- [Task details] In the entries below, copy only the lines from the one that contains "Нежные тюльпаны в" through the last line, exactly, and omit any pictures.

----- Recorded information

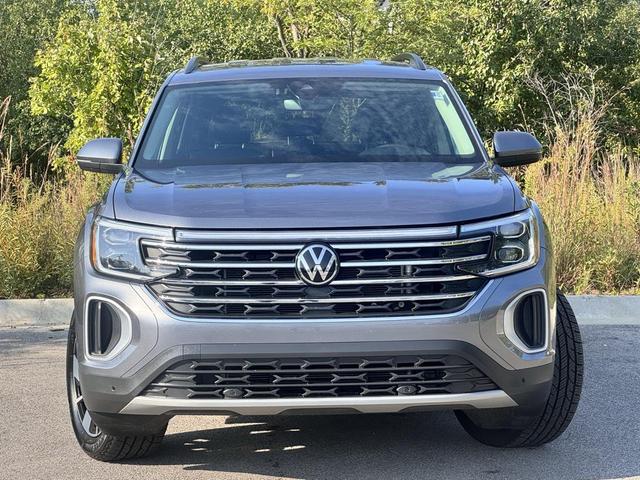 Photo of 2024 Platinum Gray Metallic Volkswagen Atlas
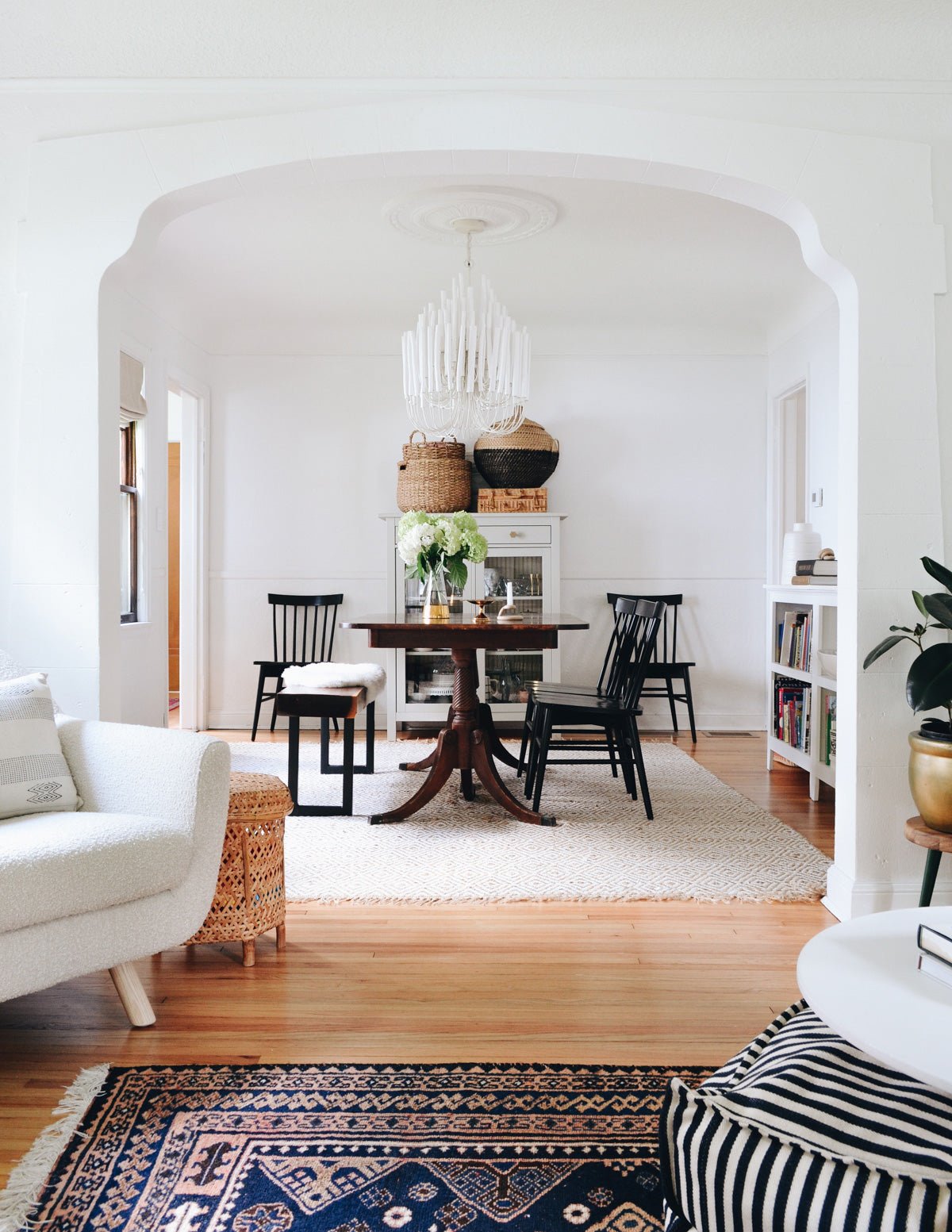 Holix Wood Chandelier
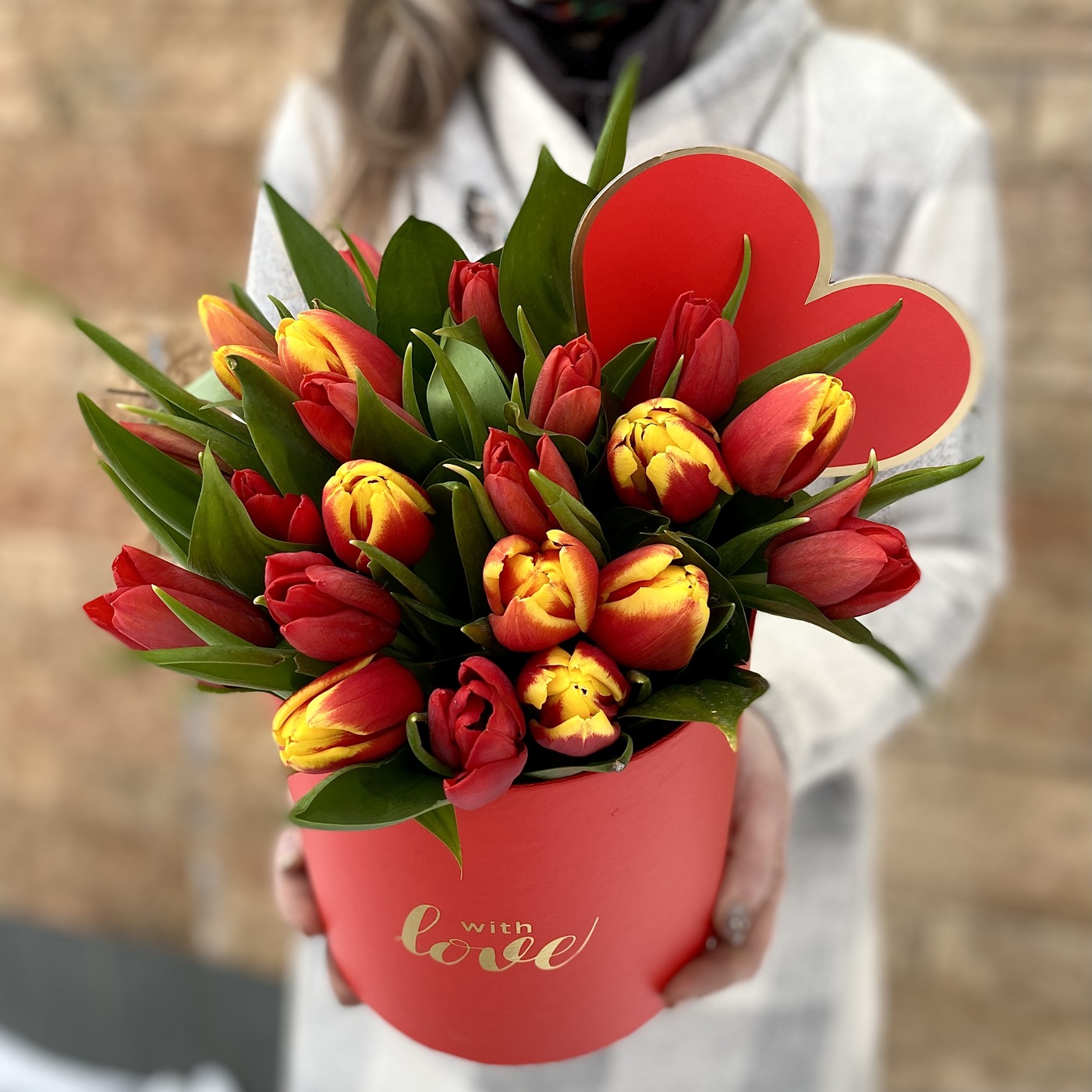 Нежные тюльпаны в коробке заказать с доставкой по Москве и области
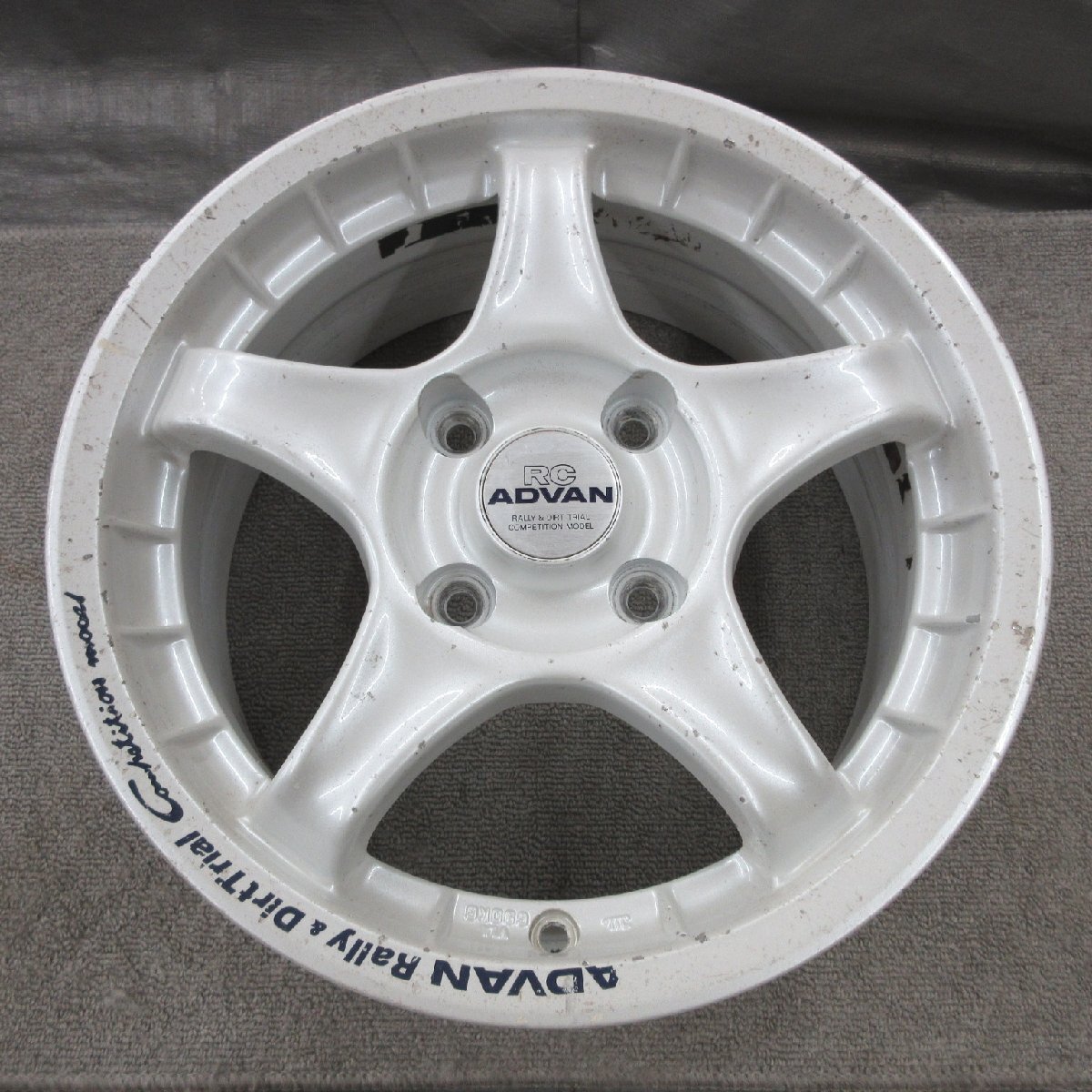 ■送料無料 A■ ヨコハマ ADVAN Racing RC ■ 15×6.5J+42 ■ 4H PCD114.3 ■ φ73 ◇ １本のみ ◇ 日本製 ホワイト系/5本スポーク_画像2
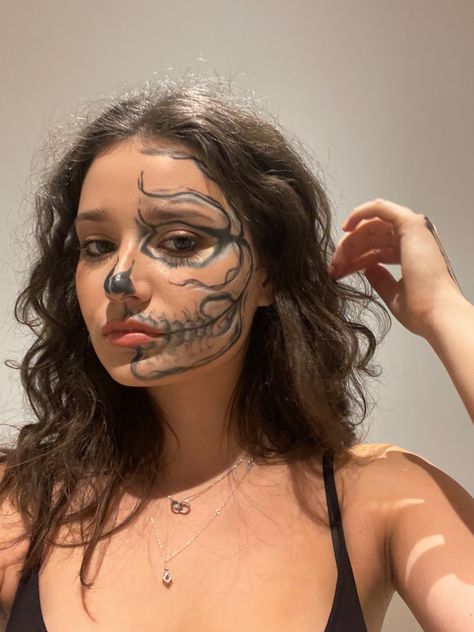 Skeleton Teeth Makeup, Hair For Skeleton Costume, Colourful Skeleton Makeup, Skeleton Make Up Girl, Cuts On Face Halloween Makeup, Skull Face Halloween Makeup, Simple Cute Skeleton Makeup, Cowboy Skeleton Costume, Skeloten Halloween Costume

----------

- [Task response]
 Нежные тюльпаны в коробке заказать с доставкой по Москве и области
 ■送料無料 A■ ヨコハマ ADVAN Racing RC ■ 15×6.5J+42 ■ 4H PCD114.3 ■ φ73 ◇ １本のみ ◇ 日本製 ホワイト系/5本スポーク_画像2
 Skeleton Teeth Makeup, Hair For Skeleton Costume, Colourful Skeleton Makeup, Skeleton Make Up Girl, Cuts On Face Halloween Makeup, Skull Face Halloween Makeup, Simple Cute Skeleton Makeup, Cowboy Skeleton Costume, Skeloten Halloween Costume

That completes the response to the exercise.